Devant l’attitude du gouvernement et notamment du ministre du budget, des comptes publics et de la fonction publique, les organisations syndicales se sont mobilisées massivement en novembre 2007 pour rappeler nos priorités :

augmentation générale du point d’indice ;
réforme de la grille indiciaire.


Les grèves et manifestations du 20 novembre ont imposé au gouvernement l’ouverture de négociations. Une première réunion s’est tenue le 17 décembre. Le Père Noël n’était pas au rendez-vous. Cela ne constitue pas en soi une surprise dans la mesure où ce gouvernement a, de manière claire, exprimé son choix politique :

respect du pacte de stabilité ;
réduction de la dette publique.

Il propose plutôt de créer une garantie individuelle du pouvoir d’achat dont le principe consiste à évaluer la perte de pouvoir d’achat accusée par chaque agent. Il s’agit d’apprécier si la valeur du point, cumulée à celle de la rémunération liée à l’ancienneté apporte un résultat supérieur ou inférieur à l’inflation. En fonction du résultat, le fonctionnaire sera augmenté ou non !!! Outre que cette méthode suppose la mise en place d’une « véritable usine à gaz » car il faudrait prendre en compte la situation de chaque agent, c’est l’individualisation des rémunérations et des salaires qui se substituent de fait, par ce subterfuge, au principe de la carrière.

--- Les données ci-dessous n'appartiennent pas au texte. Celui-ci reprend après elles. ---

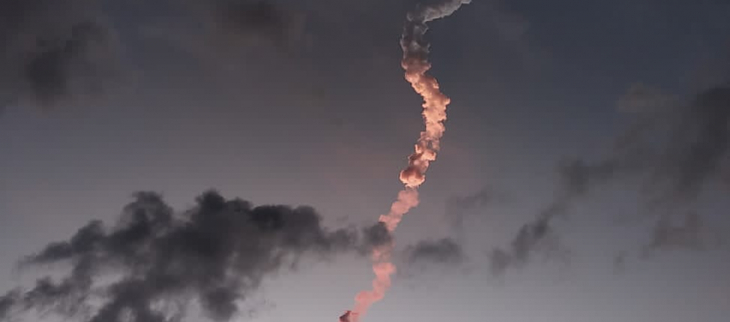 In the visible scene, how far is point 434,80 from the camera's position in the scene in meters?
129

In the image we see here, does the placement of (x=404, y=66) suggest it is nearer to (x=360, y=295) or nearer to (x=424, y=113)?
(x=424, y=113)

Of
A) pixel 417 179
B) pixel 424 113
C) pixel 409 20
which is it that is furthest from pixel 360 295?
pixel 409 20

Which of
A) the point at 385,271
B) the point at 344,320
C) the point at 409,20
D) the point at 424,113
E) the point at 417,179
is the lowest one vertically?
the point at 344,320

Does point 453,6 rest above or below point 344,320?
above

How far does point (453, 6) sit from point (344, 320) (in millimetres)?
59814

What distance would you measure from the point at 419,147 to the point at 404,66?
16501mm

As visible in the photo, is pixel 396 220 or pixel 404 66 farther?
pixel 396 220

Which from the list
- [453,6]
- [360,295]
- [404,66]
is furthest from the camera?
[360,295]

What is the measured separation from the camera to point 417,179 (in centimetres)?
13438

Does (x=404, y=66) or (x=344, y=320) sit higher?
(x=404, y=66)

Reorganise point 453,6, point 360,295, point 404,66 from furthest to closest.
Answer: point 360,295, point 404,66, point 453,6

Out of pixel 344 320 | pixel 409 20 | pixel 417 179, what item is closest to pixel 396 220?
pixel 417 179

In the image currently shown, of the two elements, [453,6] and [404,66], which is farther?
[404,66]

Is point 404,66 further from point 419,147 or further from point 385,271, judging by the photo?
point 385,271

Cet égalitarisme qui conduit le fonctionnaire à se payer lui-même ses augmentations de salaires, s’oppose au principe d’égalité et nie curieusement toute forme de reconnaissance professionnelle instaurée par le principe du déroulement de carrière.

Cette proposition d’individualisation du pouvoir d’achat, nullement novatrice, permettrait également au gouvernement de remettre en cause notre caisse de retraite puisque l’indemnité différentielle alimenterait le RAFP (régime additionnel).

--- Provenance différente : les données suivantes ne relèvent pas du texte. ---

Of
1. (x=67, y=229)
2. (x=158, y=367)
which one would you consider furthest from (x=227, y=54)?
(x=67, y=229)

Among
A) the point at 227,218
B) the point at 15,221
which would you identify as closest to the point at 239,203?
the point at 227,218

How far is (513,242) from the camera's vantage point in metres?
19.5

Jacques DELORS en 1992 avait eu la même idée en évoquant à l’époque :

1. SALAIRE PARITÉ lié à l’indice qui représenterait la part fixe que l’on peut comparer à l’actuelle grille indiciaire
2. SALAIRE SPÉCIFICITÉ comme rémunération liée au poste de travail en fonction de la technicité, des sujétions etc.
3. SALAIRE PROMOTION qui tiendrait compte de la performance individuelle.

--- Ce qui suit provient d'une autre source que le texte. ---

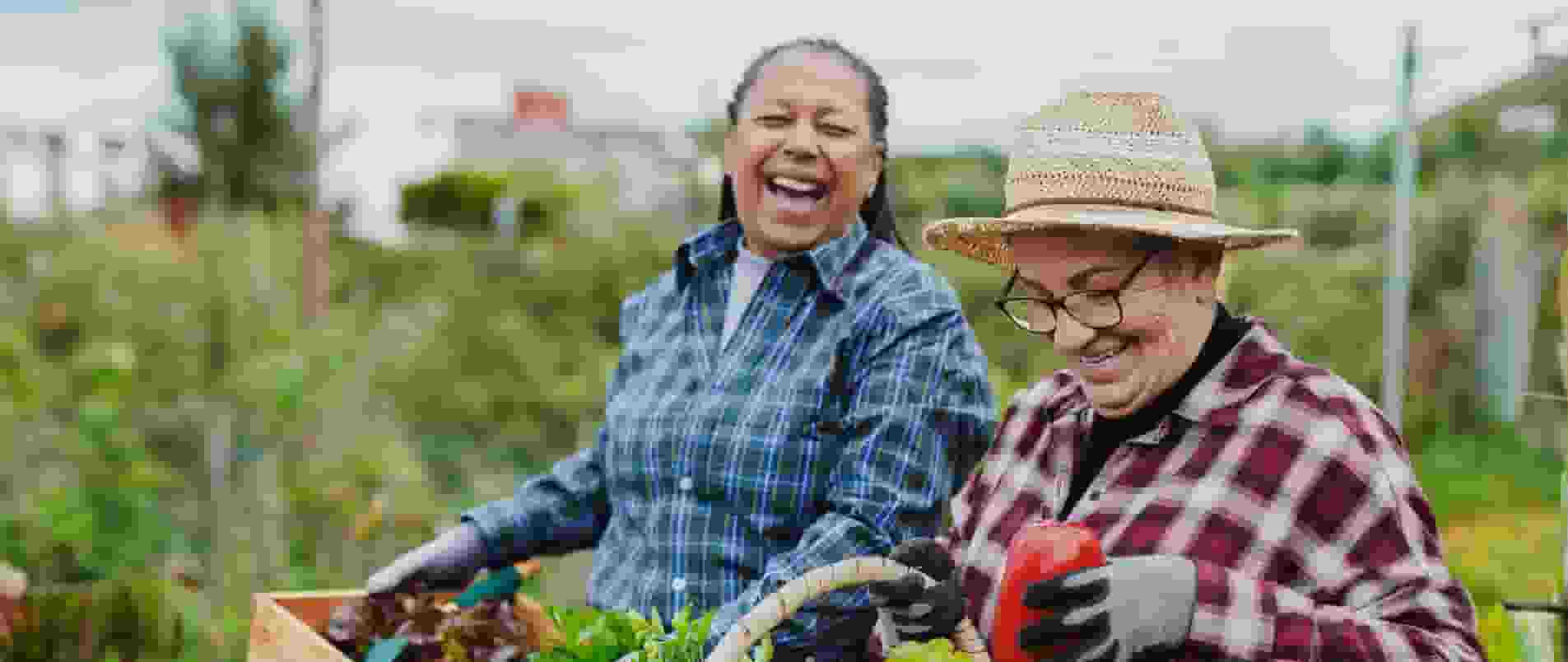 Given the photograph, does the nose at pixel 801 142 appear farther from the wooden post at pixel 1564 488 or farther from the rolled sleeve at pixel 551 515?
the wooden post at pixel 1564 488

Parce que c’est la négation de la hiérarchie salariale et parce que c’est de l’individualisation des traitements dont il s’agit, ces mesures sont à l’opposé des revendications de Force Ouvrière.

Dans ce contexte d’individualisation, il est indispensable de maintenir les revendications sur la question des salaires et rémunérations dans la Fonction publique.

C’est ce pourquoi nous avons appelé à la mobilisation le 24 janvier 2008.

La revendication salariale doit rester prioritaire : socialement et économiquement.
L’absence de réponse du gouvernement, à quelques semaines des élections municipales, se traduirait par un constat d’impuissance et de mépris de la situation de milliers de salariés actifs et retraités de ce pays.
Les premières rencontres avec le ministre de la Fonction publique vont commencer en février, le comité national de mars sera en mesure de faire le point précis de l’état d’avancement des négociations.

D’ores et déjà, il est paradoxal de constater que d’un côté le gouvernement, au titre des conférences qu’il a mis en place prône le dialogue social et son amélioration et que d’un autre, alors qu’il s’agit de mettre en application cette soi-disant volonté, cette volonté s’est évaporée.

Améliorer le dialogue social passe notamment par le respect du rôle et du fonctionnement des organismes consultatifs paritaires fondés sur la démocratie représentative à laquelle nous tenons.

Proposer aux organisations syndicales de fonctionnaires une augmentation de 0,5 % de la valeur du point d’indice au 1er mars 2008 et 0,3 % au 1er Octobre 2008, ce n’est que jouer la provocation et mépriser les agents territoriaux et hospitaliers lorsque l’on sait que l’inflation estimée pour 2008 est de 1,6 %.

F.O. continuera d’exiger :

une revalorisation importante du point d’indice,

le rattrapage immédiat des pertes du pouvoir d’achat,

la reconstruction complète de la grille indiciaire commune de la fonction publique, garante du statut et
du principe de la carrière.

C’est dans cet esprit que F.O. porte, auprès du gouvernement, les revendications des fonctionnaires et agents publics.
Le gouvernement persiste dans son choix de sacrifier les personnels de la fonction publique à l’austérité budgétaire, il en portera la responsabilité et il nous faudrait en tirer les conséquences.